I saw Alan Ma’s tweet about building a tiny TPU in less than a month and kept thinking, “Is it really easier than it sounds?” So I tried to walk the same path and see if I could ship something in a week.
This is my personal experience of what worked, what broke, and what I learned.
Starting point: a 4x4 systolic array
I started from a simple 4x4 systolic array I had built before with @cupx0j0e. I fixed a few pipeline issues, cleaned up the design, and then decided to make it a real peripheral instead of a standalone block.
Making it a real peripheral
I added AXI support, dropped it into a Vivado block design, connected it to MicroBlaze, and mapped weights/inputs/outputs as BRAM tiles.
This was my first time actually setting up Vivado, block design, and MicroBlaze end-to-end, so I spent a lot of time learning how the system actually boots and resets.

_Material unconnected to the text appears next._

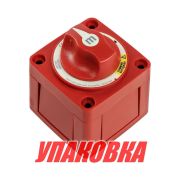 Выключатель массы «OFF-ON+2» (2 АКБ) 300 A, Marine Rocket (упаковка из 4 шт.)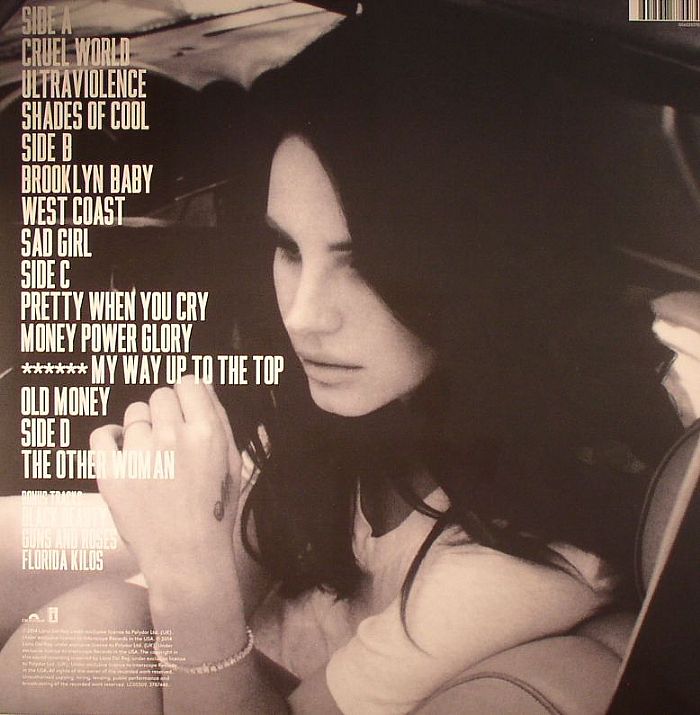 Lana Del Rey - Ultraviolence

Bring-up pain (and a lot of debugging)
I got stuck for a while because the reset logic never deasserted MicroBlaze. The proc_sys_reset blocks were not behaving like I expected, and I had to learn how Vivado’s debugging tools actually work instead of just guessing.
Once I fixed that, I wrote a simple systolic array smoke test. It took more time than I expected because the AXI I wrote had timing issues with the BRAM setup.

Feeding it from PyTorch
After the smoke test, I made helpers so the systolic array could run PyTorch GEMMs over UART. At first the firmware sent one tile at a time (painfully slow but correct). Later I switched to multi-tile batching, which finally made it feel fast and usable.
Real models and pushing limits
To get a real model running, I took their own horizontal and vertical differentiator and ran it on my FPGA. That actually worked beautifully.
Then I tried to push it:
- Multi-tile batching in firmware.
- Using DSPs for the PEs instead of pure LUT math.
After those changes, performance felt instantly better.
Finally, I tried an MNIST classifier: a small 2-layer MLP with 8 hidden units. It worked a few times, but it was slow (around 30 seconds to print results) and fragile. The tricky part was the inference path from pygame into an MNIST-like input format. That pipeline was the first time I had built something end-to-end like this, and it showed.
MNIST demo shots
A few screenshots and a short capture from the pygame drawing loop + inference run.

What I learned
- Turning a neat RTL block into a real peripheral is half the work.
- Vivado bring-up is its own craft: resets, clocks, and timing can kill you.
- AXI plus BRAM timing needs discipline, not just “it simmed once.”
- Small firmware changes (like batching) can be bigger wins than RTL tweaks.
Where I stopped
After the MNIST attempt, I gave up on pushing further. It still felt like a win: I got an actual model to run on hardware I built, and I learned how these systems fit together instead of just reading about them.
If I revisit this, I want to make the host-to-FPGA data path cleaner and build a more reliable input pipeline. But for a week-long experiment, it was more fun than I expected.